> PROBLEM STATEMENT:
Pictures must not be copied, but every entry must be reproduced exactly.

> DATASET CONTENT:
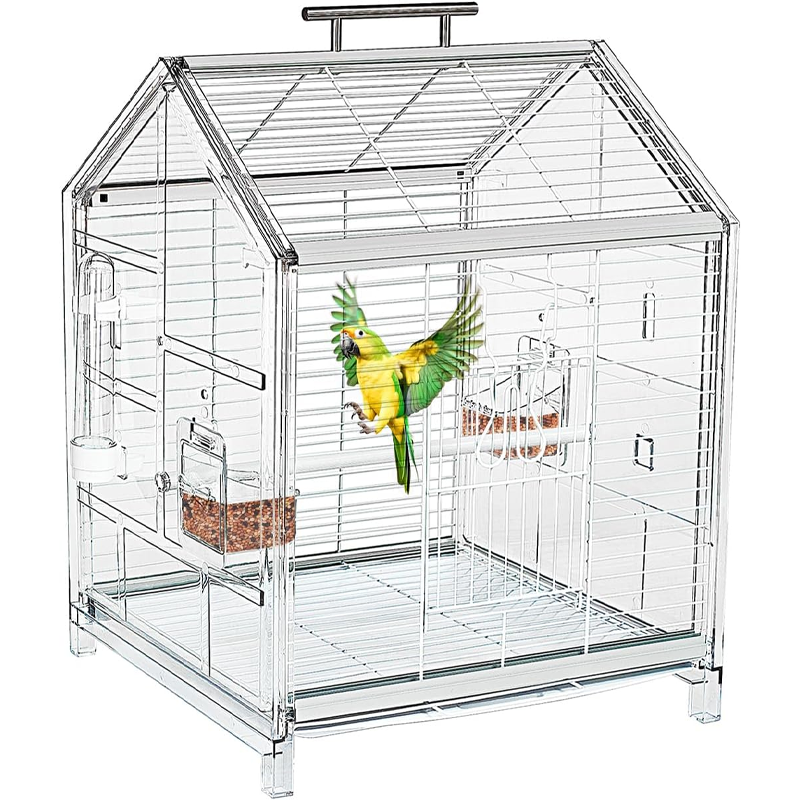 Portable Aluminum Alloy Bird Travel Cage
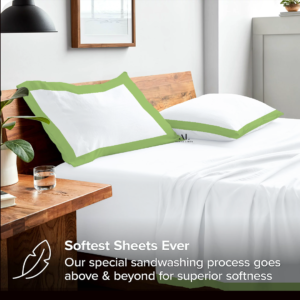 Sage Green Dual Tone Bed Sheet Sets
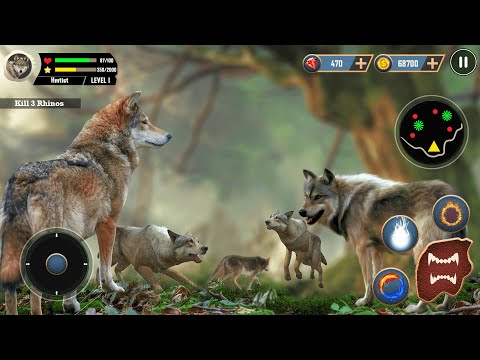 Wild Wolf Simulator 3d Games | Game Play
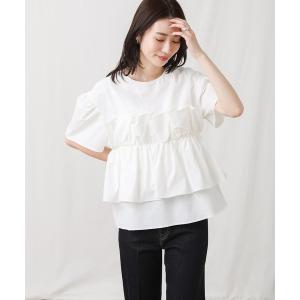 ブラウス シャツ 半袖 ビスチェフリルブラウス ...の商品画像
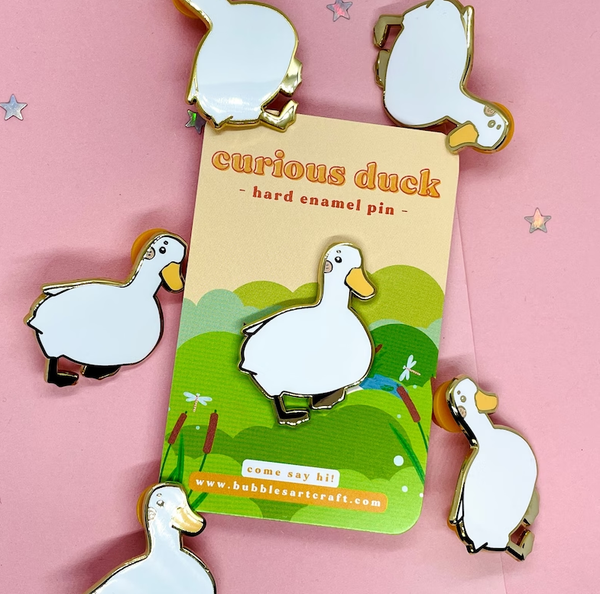 Nieuwsgierige Eend Speld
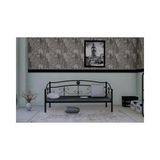 Vivense Elips Minderli Ferforje Sedir, Siyah, Gm 400 - 185 x 85 cm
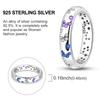 Anneaux en Cuivre Anneau Simple Cœur en Zircon pour Femmes Bijoux Anneau Cadeau Matériau Durable de Haute Qualité Design Élégant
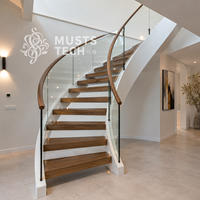 Fabricant professionnel d'intérieurs de villas de luxe modernes, conception personnalisée, escalier courbé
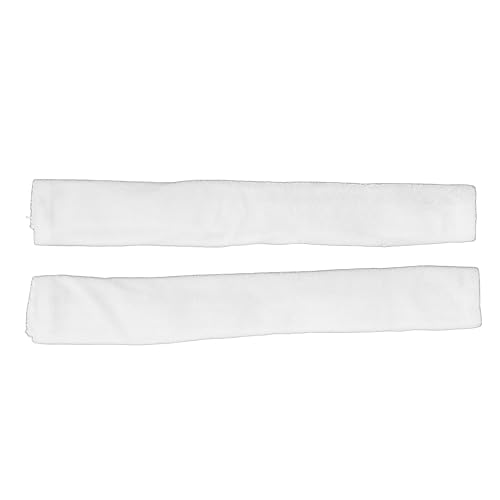 2pcs Kühlschrankgriffe - einstellbare Stoffschutz für Kühlschrank, Geschirrspüler, Ofen, Mikrowelle (Weiß) von F&Y
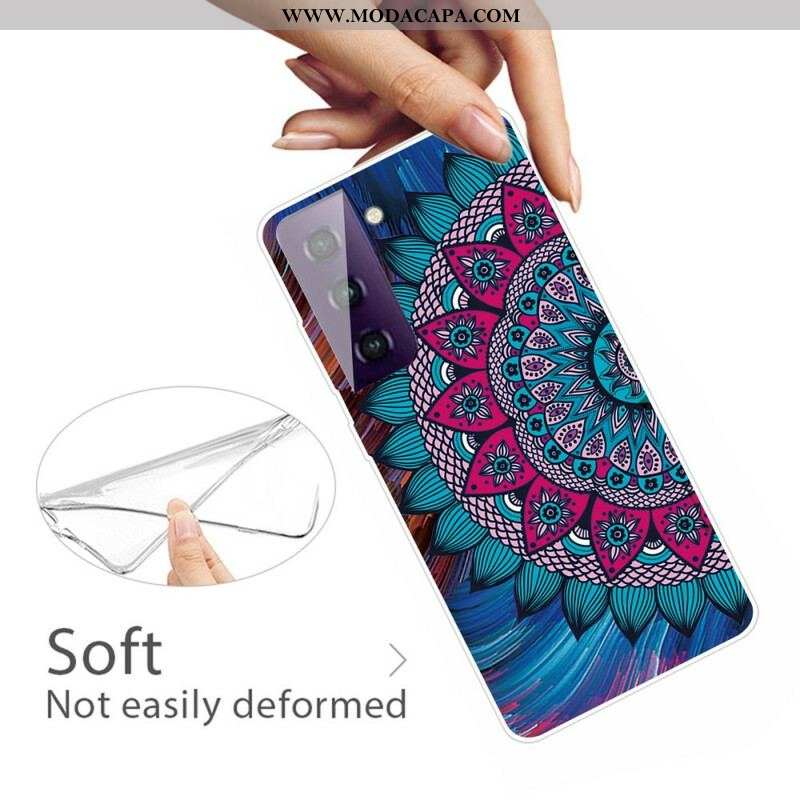 Capa Para Samsung Galaxy S21 FE Mandala Colorida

> TASK ANSWER:
 Portable Aluminum Alloy Bird Travel Cage
 Sage Green Dual Tone Bed Sheet Sets
 Wild Wolf Simulator 3d Games | Game Play
 ブラウス シャツ 半袖 ビスチェフリルブラウス ...の商品画像
 Nieuwsgierige Eend Speld
 Vivense Elips Minderli Ferforje Sedir, Siyah, Gm 400 - 185 x 85 cm
 Anneaux en Cuivre Anneau Simple Cœur en Zircon pour Femmes Bijoux Anneau Cadeau Matériau Durable de Haute Qualité Design Élégant
 Fabricant professionnel d'intérieurs de villas de luxe modernes, conception personnalisée, escalier courbé
 2pcs Kühlschrankgriffe - einstellbare Stoffschutz für Kühlschrank, Geschirrspüler, Ofen, Mikrowelle (Weiß) von F&Y
 Capa Para Samsung Galaxy S21 FE Mandala Colorida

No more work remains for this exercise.